Campaign Finance Reform

Columnist : L. Henry

Look south of the Mason-Dixon Line for the answer

One of the key issues in this year’s election for state offices will be reform of the legislative process.  In the wake of the pay raise fiasco it has become clear that the current system has been perverted by those who have mastered the art of gaming it for their own advantage.  The sheer number of incumbents retiring and challengers lining up for seats in the General Assembly bode well for those seeking reform.

While most of the proposals making the rounds center on reforming the rules for enacting legislation, it is clear some changes must also be made in the way campaigns are funded.  Many lobbyists mix influence peddling with fundraising, creating a system that while completely legal, is unseemly.

A look south of the Mason-Dixon Line finds a practice in Maryland’s election law that, if enacted in Pennsylvania, would restore some integrity to campaign finance.  It is a simple, one sentence law that eliminates even the appearance of impropriety.  The law prohibits any state official, from the Governor to members of the General Assembly, from accepting campaign contributions during a legislative session.

Unlike Pennsylvania, where the legislature is in almost perpetual session, legislative sessions in Maryland last only 90 days each year.  That too is a good idea.  Keystone state lawmakers have developed a penchant for lengthy sessions that produce results (good or bad) only at the last minute.  That is how the ill-fated pay hike came to be passed in the middle of the night in early July.

One of the key flaws in Pennsylvania’s legislative process is that difficult, controversial, and/or significant legislation comes up for final debate (if there is any debate) and passage either during the seine die lame duck session at the end of the legislative term in November; or in mid-summer when vacation, not legislation, is on the minds of most Pennsylvanians.
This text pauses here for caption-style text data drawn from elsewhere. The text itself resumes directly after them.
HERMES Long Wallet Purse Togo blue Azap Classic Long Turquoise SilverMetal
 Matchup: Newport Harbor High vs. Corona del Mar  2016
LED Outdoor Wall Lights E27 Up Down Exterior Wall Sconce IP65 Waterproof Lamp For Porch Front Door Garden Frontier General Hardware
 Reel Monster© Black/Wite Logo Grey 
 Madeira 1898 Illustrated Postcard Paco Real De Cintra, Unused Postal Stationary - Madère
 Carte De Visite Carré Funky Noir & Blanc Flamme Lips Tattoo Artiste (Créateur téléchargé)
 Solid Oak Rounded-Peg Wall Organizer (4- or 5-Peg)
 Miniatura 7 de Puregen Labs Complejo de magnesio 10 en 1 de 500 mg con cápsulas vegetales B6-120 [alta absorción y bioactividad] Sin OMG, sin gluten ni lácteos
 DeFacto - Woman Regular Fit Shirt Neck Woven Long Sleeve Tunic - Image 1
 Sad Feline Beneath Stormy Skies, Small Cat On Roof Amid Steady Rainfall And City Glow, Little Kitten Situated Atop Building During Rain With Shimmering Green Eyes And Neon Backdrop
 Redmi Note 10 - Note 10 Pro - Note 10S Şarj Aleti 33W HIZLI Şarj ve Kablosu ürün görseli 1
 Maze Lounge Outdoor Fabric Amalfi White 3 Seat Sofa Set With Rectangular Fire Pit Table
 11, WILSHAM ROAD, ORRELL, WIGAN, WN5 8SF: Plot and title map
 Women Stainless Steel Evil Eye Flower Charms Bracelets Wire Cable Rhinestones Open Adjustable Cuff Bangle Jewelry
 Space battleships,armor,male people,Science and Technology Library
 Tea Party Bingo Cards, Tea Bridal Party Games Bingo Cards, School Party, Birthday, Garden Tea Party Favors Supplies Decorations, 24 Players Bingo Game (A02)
It has become plainly obvious constant sessions are neither productive, nor necessary.

It may not be realistic to shorten Pennsylvania’s legislative season to 90 days, but neither does it need to go on all year.  A shorter session year, coupled with a prohibition against state elected officials accepting campaign contributions during the session, would go a long way to cleaning up a system that comes dangerously close to being legalized bribery.

The national scandal involving lobbyist Jack Abramoff has put a spotlight on the corrupting confluence of lobbying and fundraising.  But Washington has nothing over on Pennsylvania.  It is common practice here for lobbyists or their associates to throw high dollar fundraisers on the very same days the legislature is in session.  While there may not be a quid pro quo of dollars for votes, the appearance of impropriety is real and palpable.

The Maryland law is simple and to the point:  “Contributions may not be solicited, accepted, or deposited by the Governor, Lieutenant Governor, Attorney General, Comptroller, a member of the General Assembly, or a person acting on behalf of any of these individuals, during the Legislative Session, which begins on the second Wednesday in January of each year and continues for 90 days.”

That language is so clear even the block robes on the Pennsylvania Supreme Court could not misinterpret it.  Since the prohibition on accepting campaign contributions applies only while the legislature is in session, the rights of Pennsylvanians to speak freely via contributing to campaigns are not infringed in that there are plenty of days when such transactions can occur.

Were Pennsylvania to adopt a similar law, proscribing and limiting legislative sessions and banning the flow of campaign contributions during that period, it would go a long way toward restoring some badly needed integrity to both the legislative and the political process.